Description of the task: How many lines in the material below contain the word "Travel"? Write only the number.

........

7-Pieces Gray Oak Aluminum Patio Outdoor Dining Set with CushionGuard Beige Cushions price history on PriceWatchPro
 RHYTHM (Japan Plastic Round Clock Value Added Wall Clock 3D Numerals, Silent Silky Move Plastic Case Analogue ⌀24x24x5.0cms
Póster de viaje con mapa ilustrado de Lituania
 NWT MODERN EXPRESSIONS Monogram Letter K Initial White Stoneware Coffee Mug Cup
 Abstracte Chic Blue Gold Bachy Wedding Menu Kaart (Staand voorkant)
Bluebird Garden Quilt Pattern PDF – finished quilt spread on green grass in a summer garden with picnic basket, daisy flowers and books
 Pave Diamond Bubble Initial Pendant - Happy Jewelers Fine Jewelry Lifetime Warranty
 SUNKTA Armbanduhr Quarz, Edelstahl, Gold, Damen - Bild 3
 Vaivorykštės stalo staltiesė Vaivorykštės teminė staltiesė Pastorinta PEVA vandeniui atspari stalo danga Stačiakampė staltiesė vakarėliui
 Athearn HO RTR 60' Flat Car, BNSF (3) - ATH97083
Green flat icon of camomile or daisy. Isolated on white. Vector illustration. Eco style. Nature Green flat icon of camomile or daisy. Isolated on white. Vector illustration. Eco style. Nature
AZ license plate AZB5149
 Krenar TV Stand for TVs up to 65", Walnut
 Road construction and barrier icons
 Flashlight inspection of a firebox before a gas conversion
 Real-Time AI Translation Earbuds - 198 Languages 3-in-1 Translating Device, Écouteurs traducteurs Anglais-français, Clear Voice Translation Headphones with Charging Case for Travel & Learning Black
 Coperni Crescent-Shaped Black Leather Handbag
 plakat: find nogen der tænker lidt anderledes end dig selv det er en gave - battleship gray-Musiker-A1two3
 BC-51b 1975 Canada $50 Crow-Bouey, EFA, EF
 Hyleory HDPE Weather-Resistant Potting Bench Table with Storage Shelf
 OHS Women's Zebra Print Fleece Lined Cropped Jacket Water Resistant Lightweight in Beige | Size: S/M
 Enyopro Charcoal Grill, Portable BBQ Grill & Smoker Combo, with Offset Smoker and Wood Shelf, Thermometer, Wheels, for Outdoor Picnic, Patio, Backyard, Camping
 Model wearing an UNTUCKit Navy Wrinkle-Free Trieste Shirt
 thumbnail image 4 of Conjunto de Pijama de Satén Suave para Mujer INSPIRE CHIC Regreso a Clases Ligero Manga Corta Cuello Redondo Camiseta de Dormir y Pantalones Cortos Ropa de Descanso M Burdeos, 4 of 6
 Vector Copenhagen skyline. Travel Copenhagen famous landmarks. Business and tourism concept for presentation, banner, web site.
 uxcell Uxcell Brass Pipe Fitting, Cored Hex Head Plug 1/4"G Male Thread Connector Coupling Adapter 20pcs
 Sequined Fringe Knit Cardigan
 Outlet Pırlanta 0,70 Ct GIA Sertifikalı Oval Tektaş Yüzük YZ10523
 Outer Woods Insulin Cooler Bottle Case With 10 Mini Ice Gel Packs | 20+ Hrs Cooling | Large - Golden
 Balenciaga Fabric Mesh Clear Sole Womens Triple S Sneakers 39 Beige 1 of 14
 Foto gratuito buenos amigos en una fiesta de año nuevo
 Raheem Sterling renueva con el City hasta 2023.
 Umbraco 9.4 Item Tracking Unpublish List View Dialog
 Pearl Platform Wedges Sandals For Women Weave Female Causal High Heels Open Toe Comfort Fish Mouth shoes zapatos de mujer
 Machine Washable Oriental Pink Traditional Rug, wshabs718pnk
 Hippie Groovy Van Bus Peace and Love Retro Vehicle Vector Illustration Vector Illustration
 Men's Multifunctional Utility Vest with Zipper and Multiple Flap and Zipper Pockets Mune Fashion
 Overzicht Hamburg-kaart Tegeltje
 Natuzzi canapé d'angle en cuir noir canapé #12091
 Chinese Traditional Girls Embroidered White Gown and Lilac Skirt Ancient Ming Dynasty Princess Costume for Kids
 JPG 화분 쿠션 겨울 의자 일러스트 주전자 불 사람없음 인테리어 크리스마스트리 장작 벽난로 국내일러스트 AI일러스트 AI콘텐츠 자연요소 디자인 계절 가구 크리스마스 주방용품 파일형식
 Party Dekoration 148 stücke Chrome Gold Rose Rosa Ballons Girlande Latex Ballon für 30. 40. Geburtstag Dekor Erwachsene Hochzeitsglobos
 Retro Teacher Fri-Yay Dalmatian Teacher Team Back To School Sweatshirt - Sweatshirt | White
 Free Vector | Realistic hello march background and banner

........

Answer to the problem: 2